[Stored items]
============
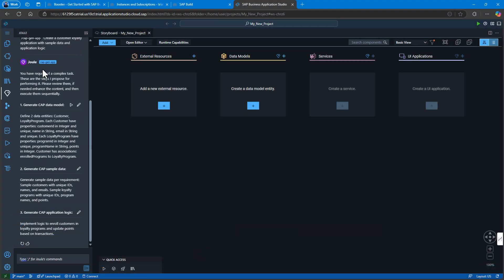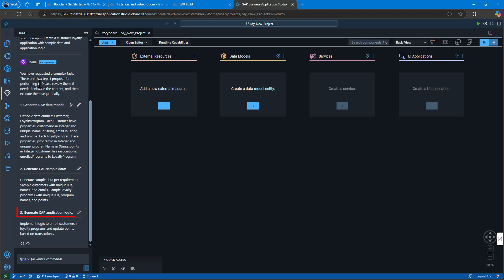Notice that this action is then split by Joule into three multiple steps: the data model, the sample data, and the application logic. These can all be addressed separately if you need to. Not only is this approach a little cleaner, but it allows us to control the execution of each step.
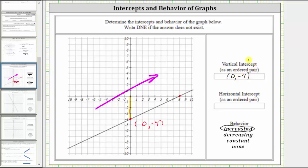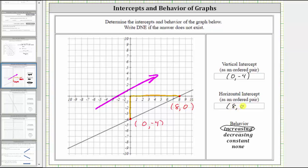Any vertical intercept or any point on the vertical axis will always have an input or x value of zero. And now for the horizontal intercept, we can see that the x value or input is positive eight, because the point is on the horizontal axis. To find the output or y value, we can move horizontally to the vertical axis and see this is where y is equal to zero, or where the output is zero. The ordered pair is eight, comma zero, for the horizontal intercept. For any horizontal intercept or x-intercept, the output or the y value is always zero.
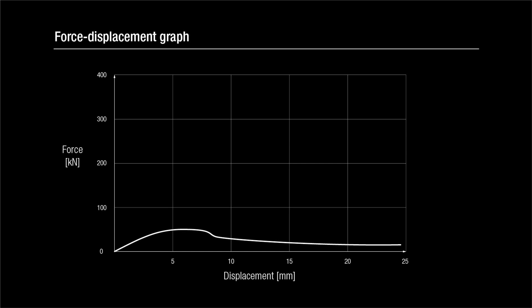The force displacement graph is roughly straight since the deformation on the steel components is minimal. The connection has an ultimate capacity of about 46 kN.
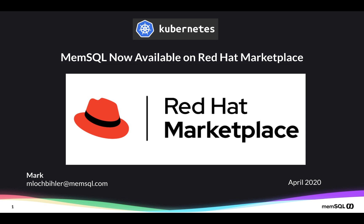Hello everyone, this is Mark Lockbiller. I've got some exciting news. MemSQL is now available on the Red Hat OpenShift Marketplace.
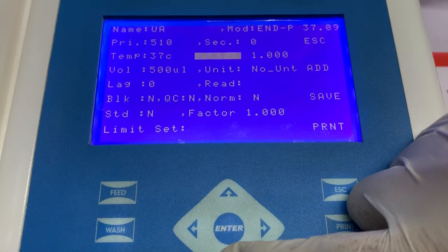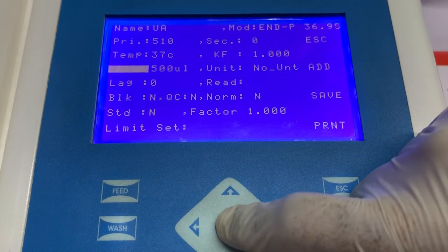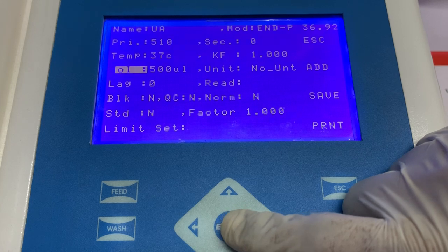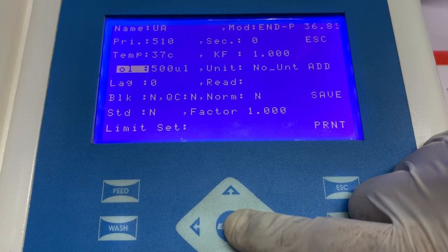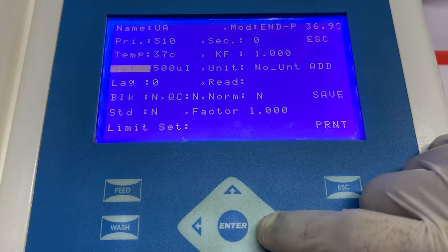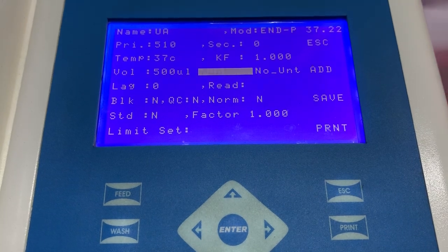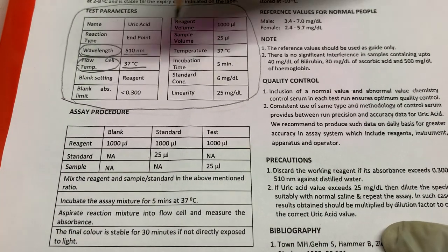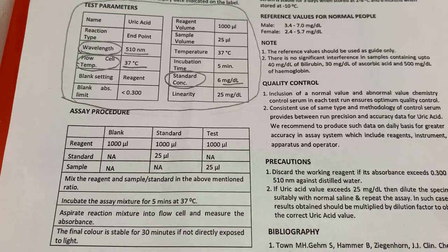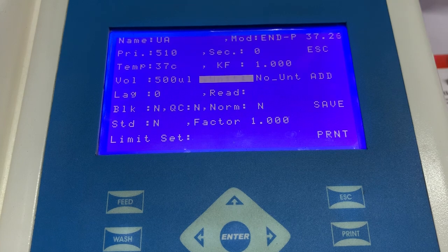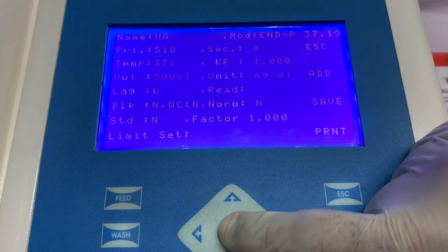Next, we have to enter the information of KF, or kinetic factor, which is to be maintained at 1.0. Next, we have to enter the information of aspiration volume. Aspiration volume can be maintained at 500 microliters, but if you are doing the entire test in 500 microliters, then aspiration volume can be reduced up to 400 microliters. Next, we have to enter the information of units. To check what units to enter, see the instructions for use and check the units mentioned in the standard concentration. Whatever units are mentioned in the standard concentration, the same unit must be entered into the software. Select the option of units and from the list select the unit mentioned in the instructions for use.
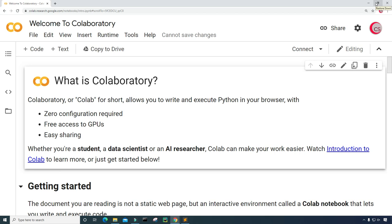Hello everyone and welcome to this video on the Python programming language. So before we begin, if you like the content on this channel, then go ahead and hit that like button. And if you are not already a subscriber to the channel, then go ahead and hit that subscribe button for more videos.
============
# Goal of the exercise
Return exactly the lines of the data, beginning with the first and ending with the line containing "Next, we have to enter the information of KF, or". Skip the pictures.

# Your response
Notice that this action is then split by Joule into three multiple steps: the data model, the sample data, and the application logic. These can all be addressed separately if you need to. Not only is this approach a little cleaner, but it allows us to control the execution of each step.
Any vertical intercept or any point on the vertical axis will always have an input or x value of zero. And now for the horizontal intercept, we can see that the x value or input is positive eight, because the point is on the horizontal axis. To find the output or y value, we can move horizontally to the vertical axis and see this is where y is equal to zero, or where the output is zero. The ordered pair is eight, comma zero, for the horizontal intercept. For any horizontal intercept or x-intercept, the output or the y value is always zero.
The force displacement graph is roughly straight since the deformation on the steel components is minimal. The connection has an ultimate capacity of about 46 kN.
Hello everyone, this is Mark Lockbiller. I've got some exciting news. MemSQL is now available on the Red Hat OpenShift Marketplace.
Next, we have to enter the information of KF, or kinetic factor, which is to be maintained at 1.0. Next, we have to enter the information of aspiration volume. Aspiration volume can be maintained at 500 microliters, but if you are doing the entire test in 500 microliters, then aspiration volume can be reduced up to 400 microliters. Next, we have to enter the information of units. To check what units to enter, see the instructions for use and check the units mentioned in the standard concentration. Whatever units are mentioned in the standard concentration, the same unit must be entered into the software. Select the option of units and from the list select the unit mentioned in the instructions for use.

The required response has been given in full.